### Goal of the exercise
Extract only the lines running from the top of the entries to the line that holds "White Pink Spotlight". Include that line and omit the pictures.

------ Supplied data

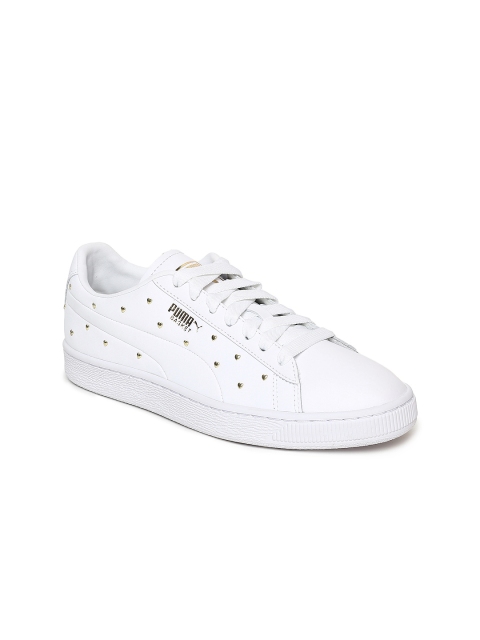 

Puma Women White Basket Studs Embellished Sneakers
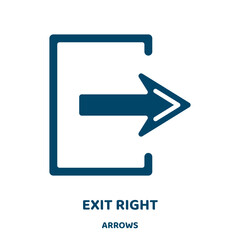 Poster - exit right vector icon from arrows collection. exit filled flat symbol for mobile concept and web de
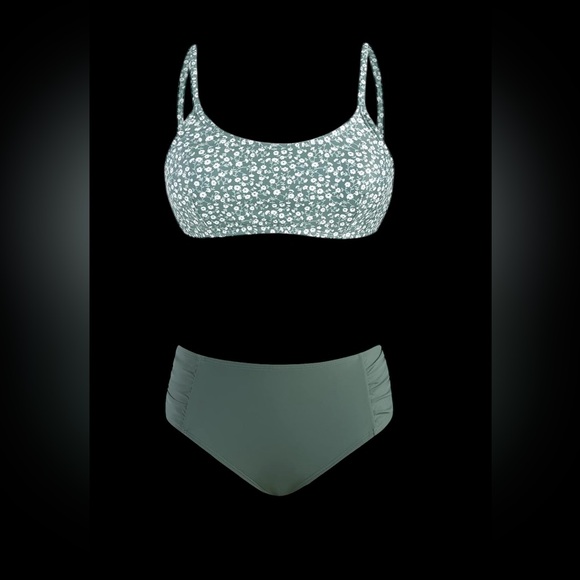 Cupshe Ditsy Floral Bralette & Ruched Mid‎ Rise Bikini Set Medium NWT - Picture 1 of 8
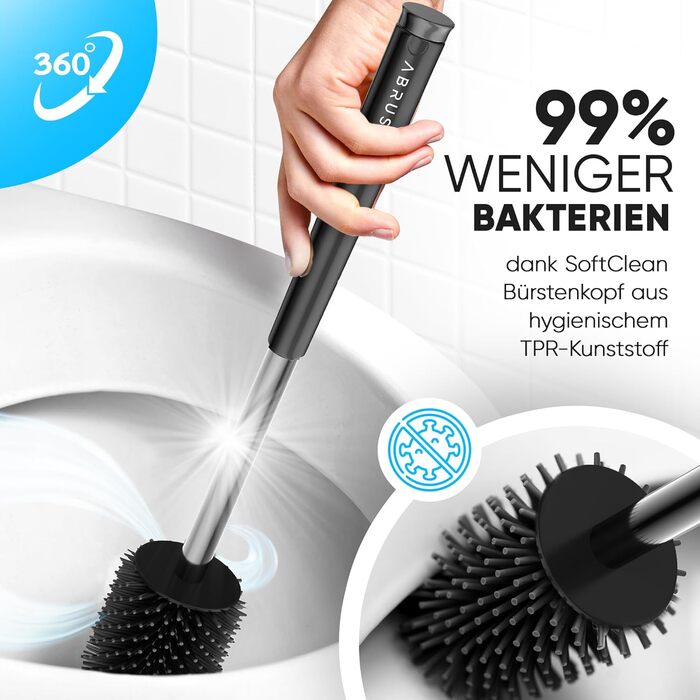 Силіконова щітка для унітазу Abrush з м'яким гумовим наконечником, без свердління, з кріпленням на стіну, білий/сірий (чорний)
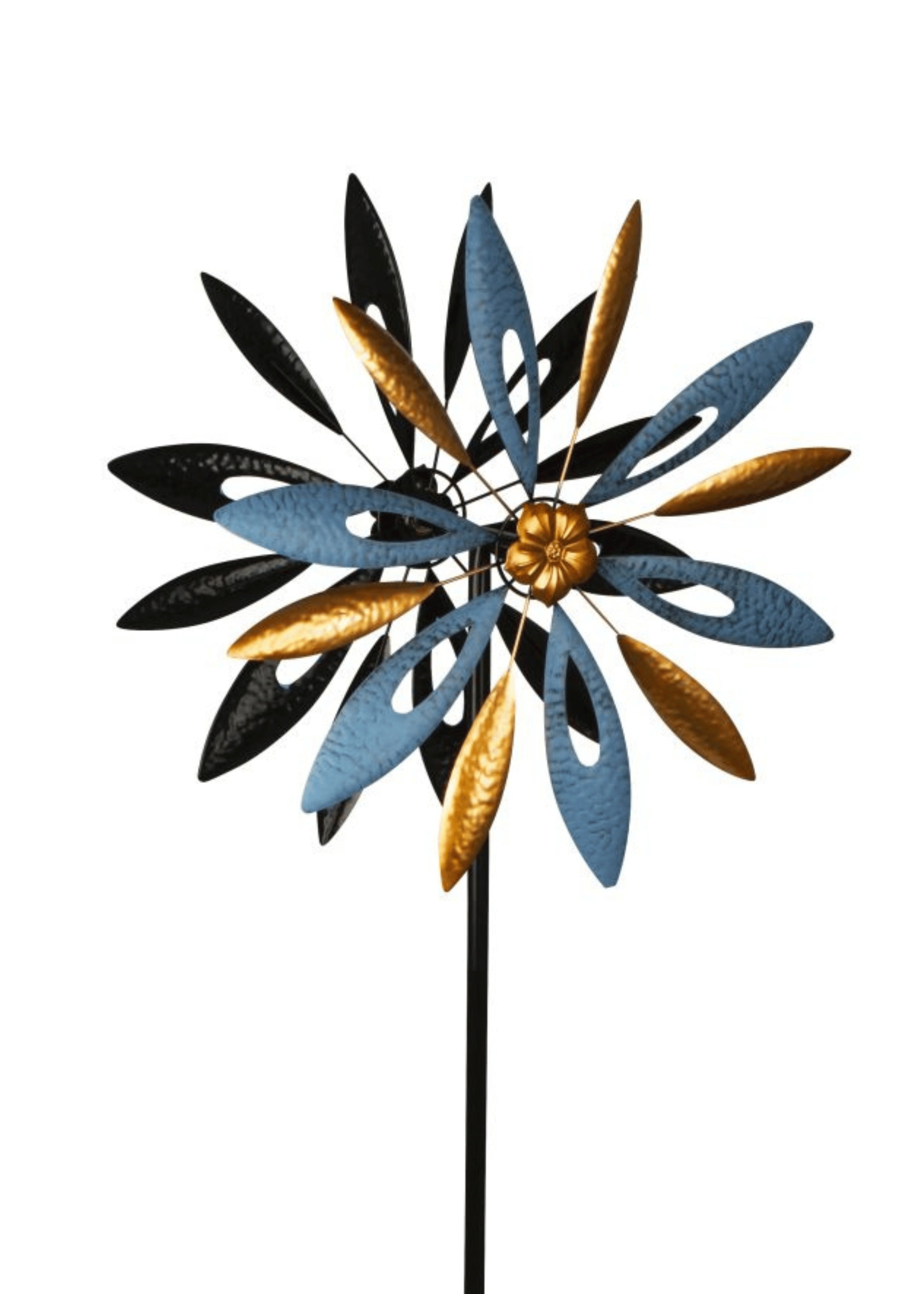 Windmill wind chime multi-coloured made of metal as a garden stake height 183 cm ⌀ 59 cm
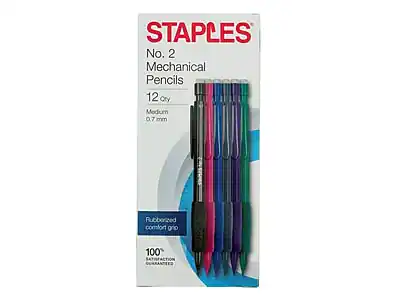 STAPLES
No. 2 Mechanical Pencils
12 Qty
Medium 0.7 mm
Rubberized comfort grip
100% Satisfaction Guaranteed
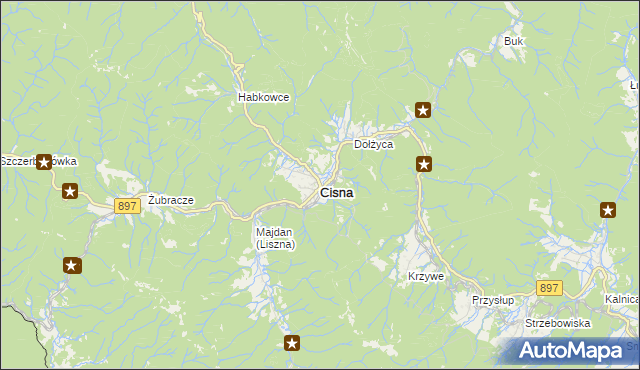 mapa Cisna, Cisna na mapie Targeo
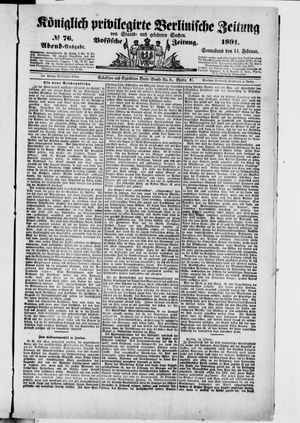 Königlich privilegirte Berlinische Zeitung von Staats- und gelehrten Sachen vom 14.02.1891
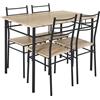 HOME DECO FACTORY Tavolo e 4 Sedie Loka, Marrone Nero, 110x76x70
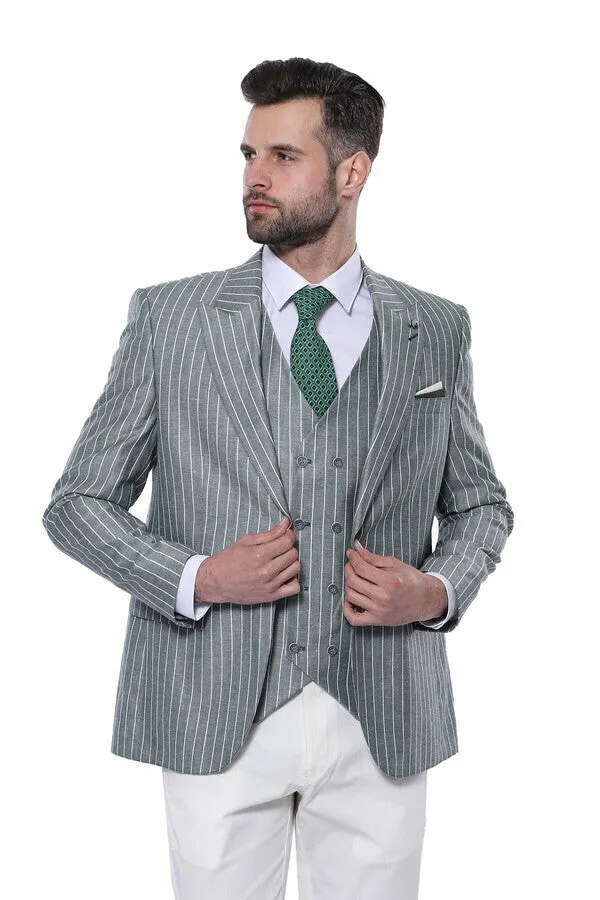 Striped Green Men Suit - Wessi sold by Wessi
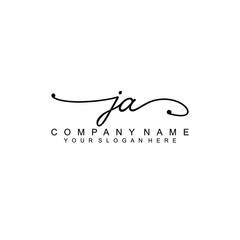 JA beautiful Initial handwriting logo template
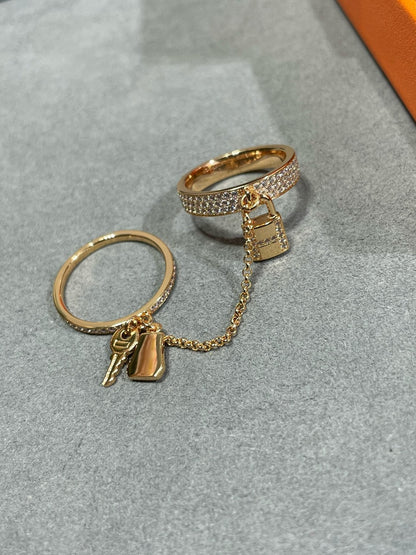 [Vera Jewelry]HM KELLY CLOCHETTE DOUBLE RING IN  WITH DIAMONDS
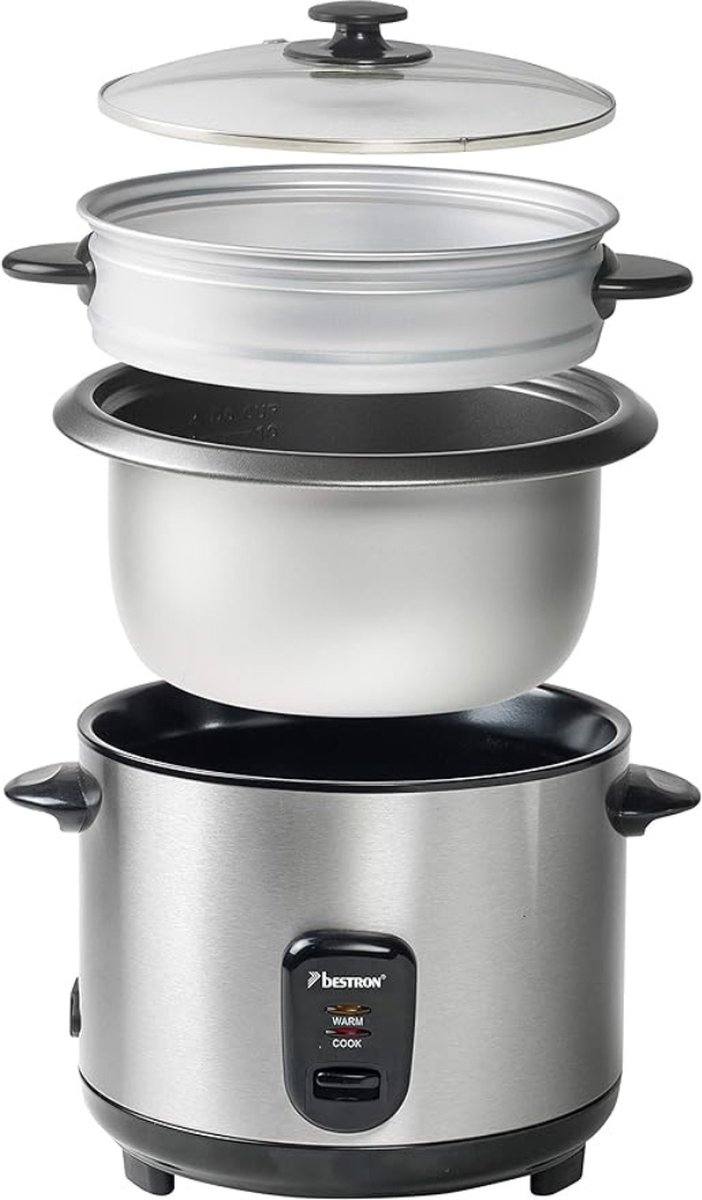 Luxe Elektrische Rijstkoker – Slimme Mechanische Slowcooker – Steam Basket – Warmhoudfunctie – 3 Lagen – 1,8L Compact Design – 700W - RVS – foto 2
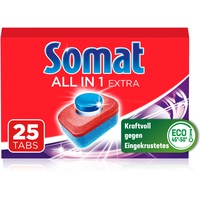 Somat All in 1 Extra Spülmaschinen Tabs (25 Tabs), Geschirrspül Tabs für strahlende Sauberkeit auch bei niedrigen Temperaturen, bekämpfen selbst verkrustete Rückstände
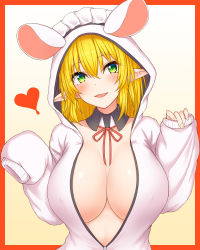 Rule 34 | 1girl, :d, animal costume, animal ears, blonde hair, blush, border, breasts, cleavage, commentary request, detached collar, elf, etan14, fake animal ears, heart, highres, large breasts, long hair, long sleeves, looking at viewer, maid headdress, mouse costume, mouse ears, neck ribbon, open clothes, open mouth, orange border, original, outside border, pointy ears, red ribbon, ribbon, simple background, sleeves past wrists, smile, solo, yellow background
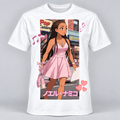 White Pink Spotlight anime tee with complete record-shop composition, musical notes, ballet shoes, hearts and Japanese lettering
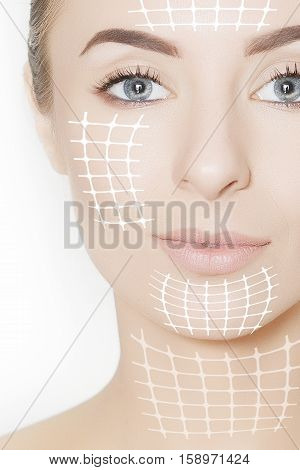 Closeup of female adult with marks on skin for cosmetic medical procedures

------------

### Solution to this exercise
Puma Women White Basket Studs Embellished Sneakers
 Poster - exit right vector icon from arrows collection. exit filled flat symbol for mobile concept and web de
 Cupshe Ditsy Floral Bralette & Ruched Mid‎ Rise Bikini Set Medium NWT - Picture 1 of 8
 Силіконова щітка для унітазу Abrush з м'яким гумовим наконечником, без свердління, з кріпленням на стіну, білий/сірий (чорний)
 Windmill wind chime multi-coloured made of metal as a garden stake height 183 cm ⌀ 59 cm
 STAPLES
No. 2 Mechanical Pencils
12 Qty
Medium 0.7 mm
Rubberized comfort grip
100% Satisfaction Guaranteed
 mapa Cisna, Cisna na mapie Targeo
 Königlich privilegirte Berlinische Zeitung von Staats- und gelehrten Sachen vom 14.02.1891
 HOME DECO FACTORY Tavolo e 4 Sedie Loka, Marrone Nero, 110x76x70
 Striped Green Men Suit - Wessi sold by Wessi
 JA beautiful Initial handwriting logo template
 [Vera Jewelry]HM KELLY CLOCHETTE DOUBLE RING IN  WITH DIAMONDS
 Luxe Elektrische Rijstkoker – Slimme Mechanische Slowcooker – Steam Basket – Warmhoudfunctie – 3 Lagen – 1,8L Compact Design – 700W - RVS – foto 2
 Somat All in 1 Extra Spülmaschinen Tabs (25 Tabs), Geschirrspül Tabs für strahlende Sauberkeit auch bei niedrigen Temperaturen, bekämpfen selbst verkrustete Rückstände
 Rule 34 | 1girl, :d, animal costume, animal ears, blonde hair, blush, border, breasts, cleavage, commentary request, detached collar, elf, etan14, fake animal ears, heart, highres, large breasts, long hair, long sleeves, looking at viewer, maid headdress, mouse costume, mouse ears, neck ribbon, open clothes, open mouth, orange border, original, outside border, pointy ears, red ribbon, ribbon, simple background, sleeves past wrists, smile, solo, yellow background
 White Pink Spotlight anime tee with complete record-shop composition, musical notes, ballet shoes, hearts and Japanese lettering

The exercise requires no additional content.